__The problem__
Print the records below exactly as they appear. Omit all pictures.
<<<<
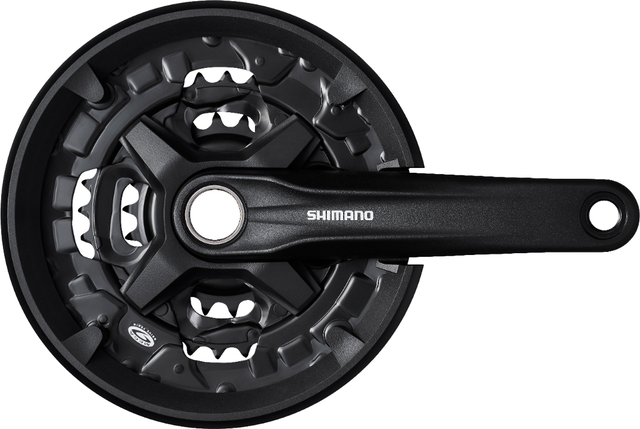 Shimano Alivio FC-MT210-3 Kranksæt 44/32/22T 170mm 3x9 speed med Kædeskærm Sort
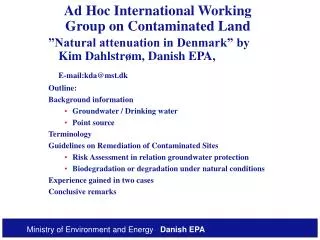 Ad Hoc International Working Group on Contaminated Land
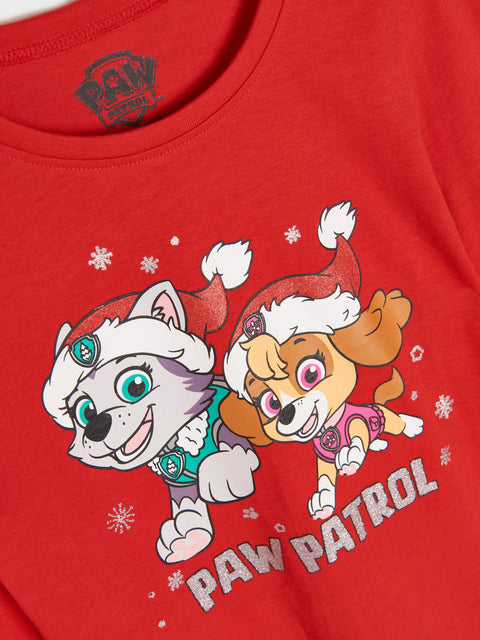 Sinsay Nickelodeon Girl's Red Paw Patrol Long Sleeve Blouse | Sinsay In Lebanon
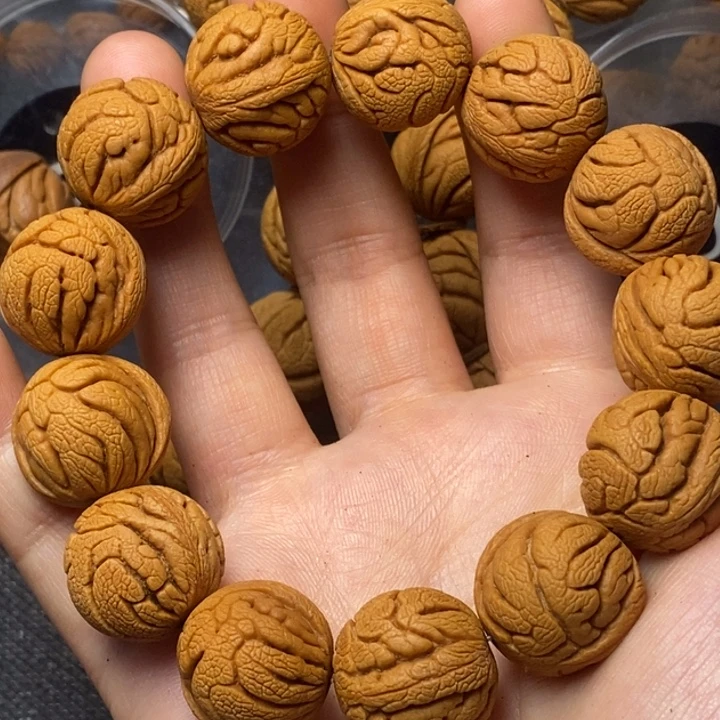 吊坠文玩核桃秦岭山野生桃核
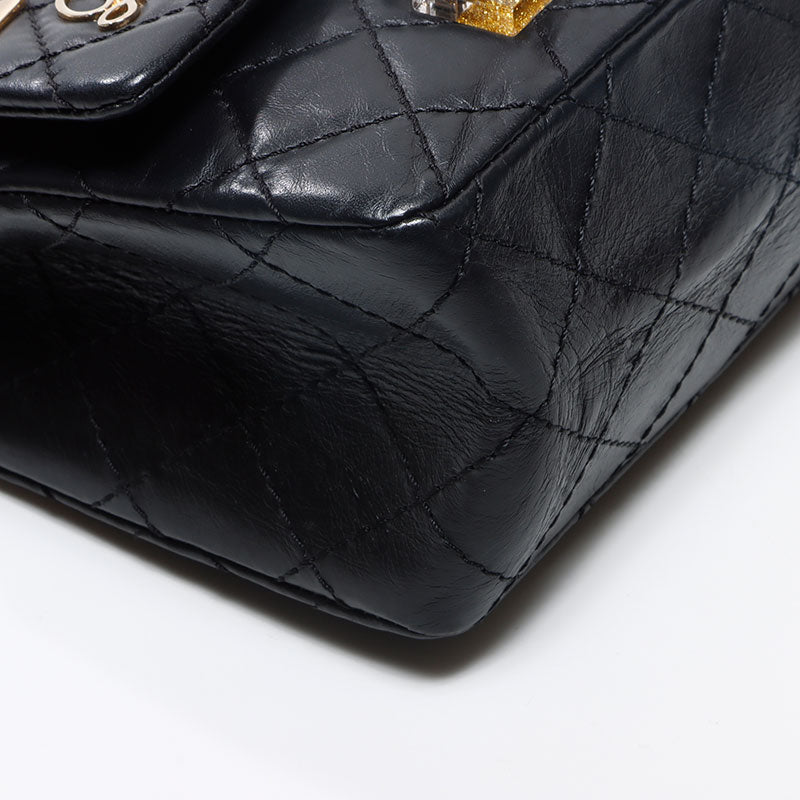 シャネル CHANEL 25番台 2017 アイコンモチーフ ダブルフラップ  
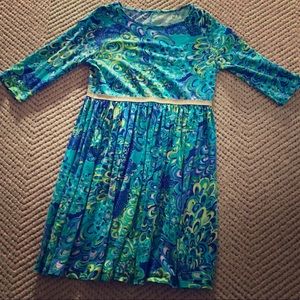 Girls L(10-12) cotton Lilly Pulitzer Dress. EUC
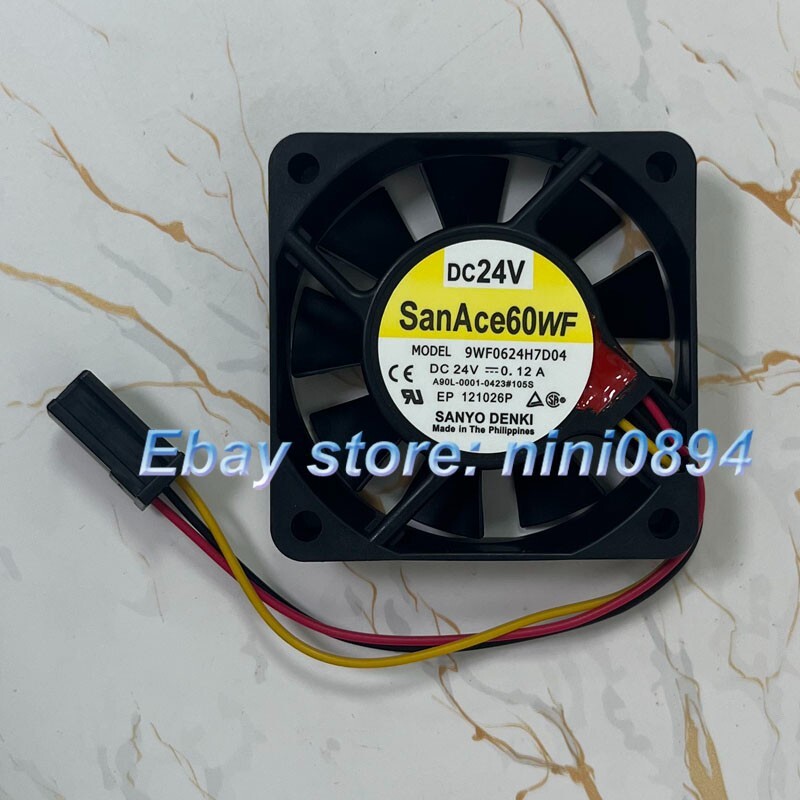 Sanyo San Ace60WF 9WF0624H7D04 6015 DC24V 0.12A 6CM 3-Wire Inverter Cooling Fan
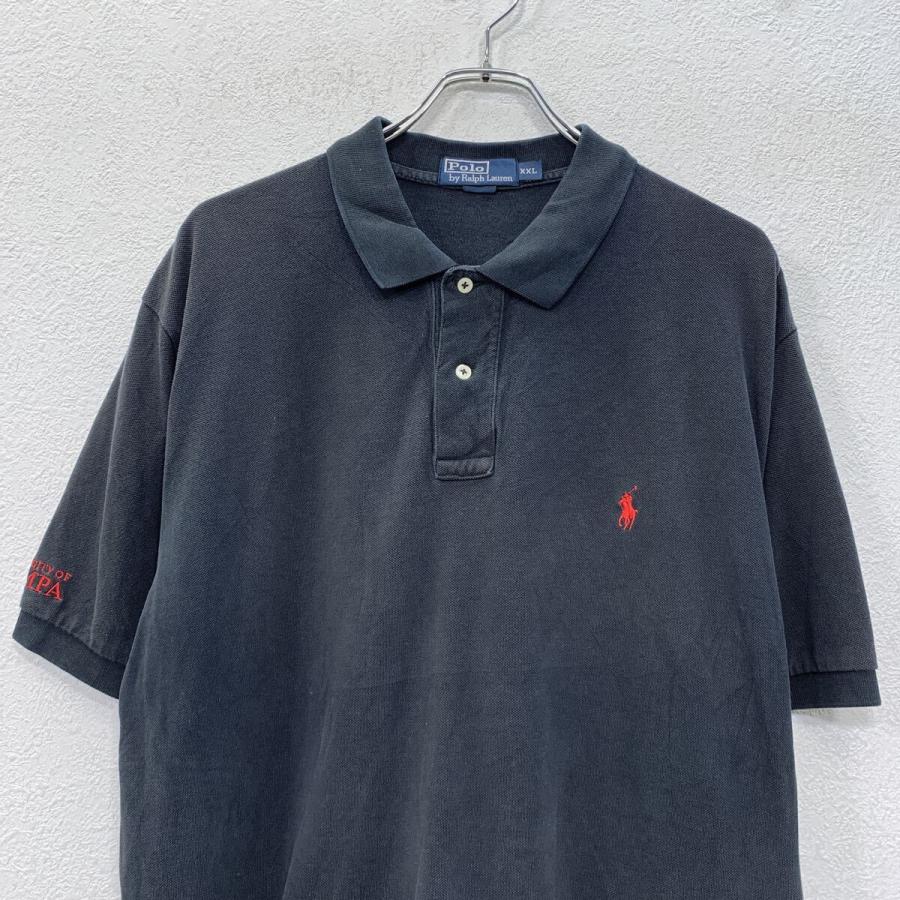 POLO Ralph Lauren ポロシャツ半袖　XXL 90s POLO by RALPH LAUREN 半袖 ポロシャツ XXL ブラック ポロラルフ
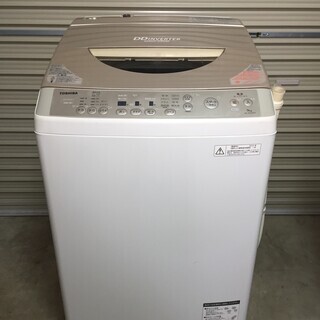 東芝　洗濯機　9kg　2014年製　AW-9SD2M(N)　中古品5684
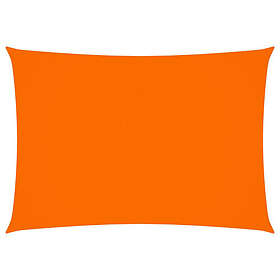 vidaXL Solseil oxfordstoff rektangulær 3x4,5 m oransje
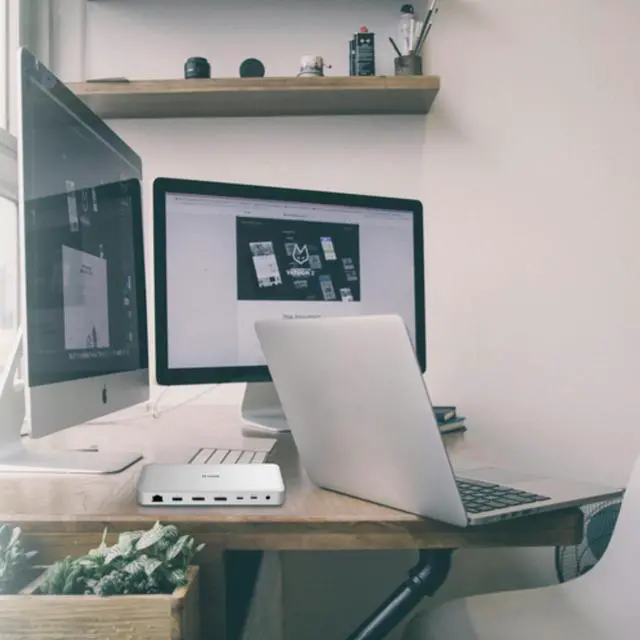 Alt view image 3 of 7 - D-Link 9-in-1 USB4 Docking Station with Dual 8K Display Ports (DUF-901)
>>>>
__Exercise response__
 Shimano Alivio FC-MT210-3 Kranksæt 44/32/22T 170mm 3x9 speed med Kædeskærm Sort
 Ad Hoc International Working Group on Contaminated Land
 Sinsay Nickelodeon Girl's Red Paw Patrol Long Sleeve Blouse | Sinsay In Lebanon
 吊坠文玩核桃秦岭山野生桃核
 シャネル CHANEL 25番台 2017 アイコンモチーフ ダブルフラップ  
 Girls L(10-12) cotton Lilly Pulitzer Dress. EUC
 Sanyo San Ace60WF 9WF0624H7D04 6015 DC24V 0.12A 6CM 3-Wire Inverter Cooling Fan
 POLO Ralph Lauren ポロシャツ半袖　XXL 90s POLO by RALPH LAUREN 半袖 ポロシャツ XXL ブラック ポロラルフ
 東芝　洗濯機　9kg　2014年製　AW-9SD2M(N)　中古品5684
 vidaXL Solseil oxfordstoff rektangulær 3x4,5 m oransje
 Alt view image 3 of 7 - D-Link 9-in-1 USB4 Docking Station with Dual 8K Display Ports (DUF-901)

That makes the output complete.